Retrieving object instances among cluttered scenes efficiently requires compact yet comprehensive regional image representations. Intuitively, object semantics can help build the index that focuses on the most relevant regions. However, due to the lack of bounding-box datasets for objects of interest among retrieval benchmarks, most recent work on regional representations has focused on either uniform or class-agnostic region selection. In this paper, we first fill the void by providing a new dataset of landmark bounding boxes, based on the Google Landmarks dataset, that includes $94k$ images with manually curated boxes from $15k$ unique landmarks.
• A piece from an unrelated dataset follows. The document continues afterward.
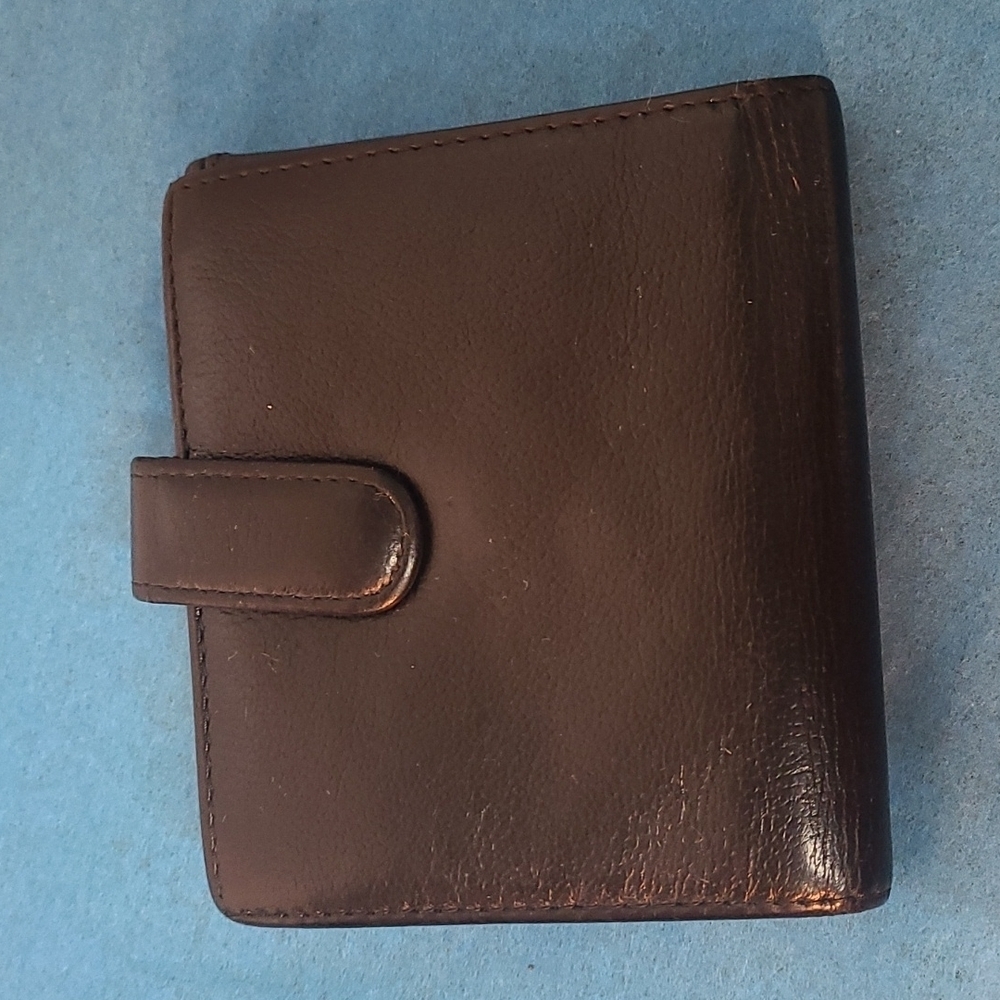 Chanel Sweater Embossed Compact Wallet - Picture 4 of 16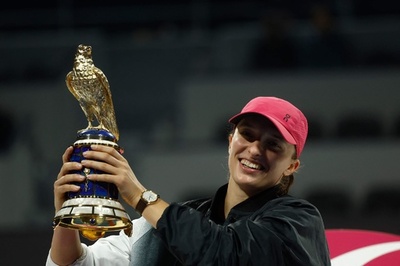 シフィオンテクがルバキナ下し3連覇達成、カタールOP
Then, we demonstrate how a trained landmark detector, using our new dataset, can be leveraged to index image regions and improve retrieval accuracy while being much more efficient than existing regional methods. In addition, we further introduce a novel regional aggregated selective match kernel (R-ASMK) to effectively combine information from detected regions into an improved holistic image representation. R-ASMK boosts image retrieval accuracy substantially at no additional memory cost, while even outperforming systems that index image regions independently. Our complete image retrieval system improves upon the previous state-of-the-art by significant margins on the Revisited Oxford and Paris datasets. Code and data will be released.